Give an exact copy of the data that follows, but none of its pictures.

COLLECTED MATERIAL>
□ □ □
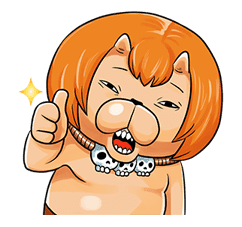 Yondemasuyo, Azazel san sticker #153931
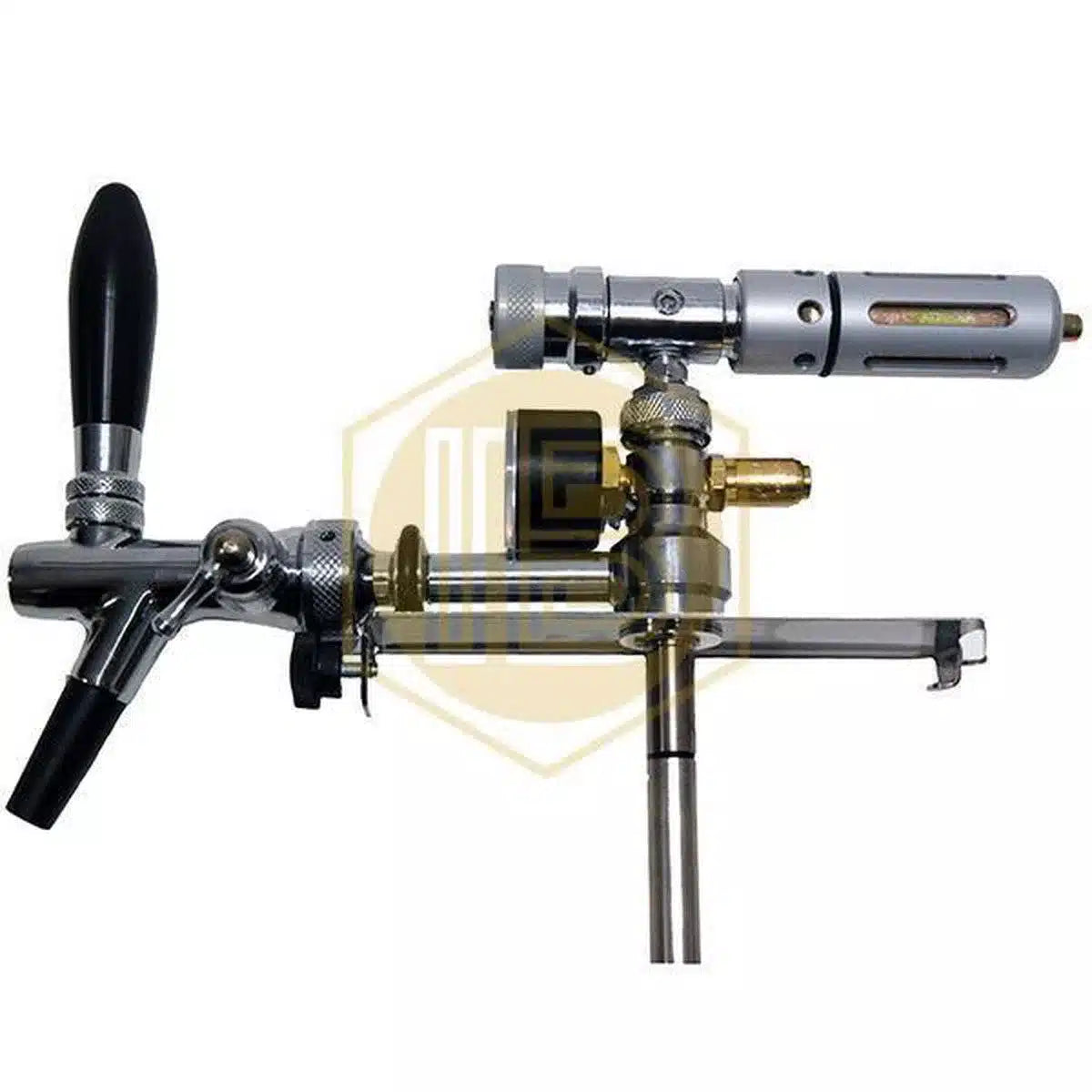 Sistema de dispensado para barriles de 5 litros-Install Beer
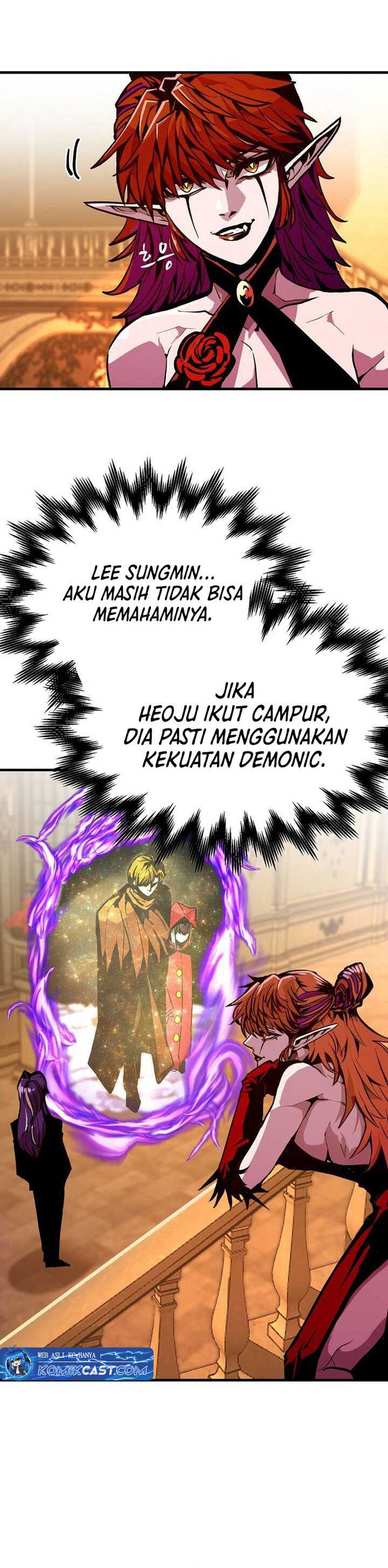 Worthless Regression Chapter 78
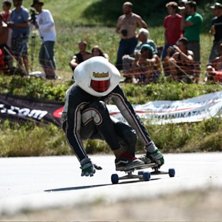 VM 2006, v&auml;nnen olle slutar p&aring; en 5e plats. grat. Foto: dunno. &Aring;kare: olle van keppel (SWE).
□ □ □
RESULT FOR THIS EXERCISE>
 Yondemasuyo, Azazel san sticker #153931
 Sistema de dispensado para barriles de 5 litros-Install Beer
 Worthless Regression Chapter 78
 VM 2006, v&auml;nnen olle slutar p&aring; en 5e plats. grat. Foto: dunno. &Aring;kare: olle van keppel (SWE).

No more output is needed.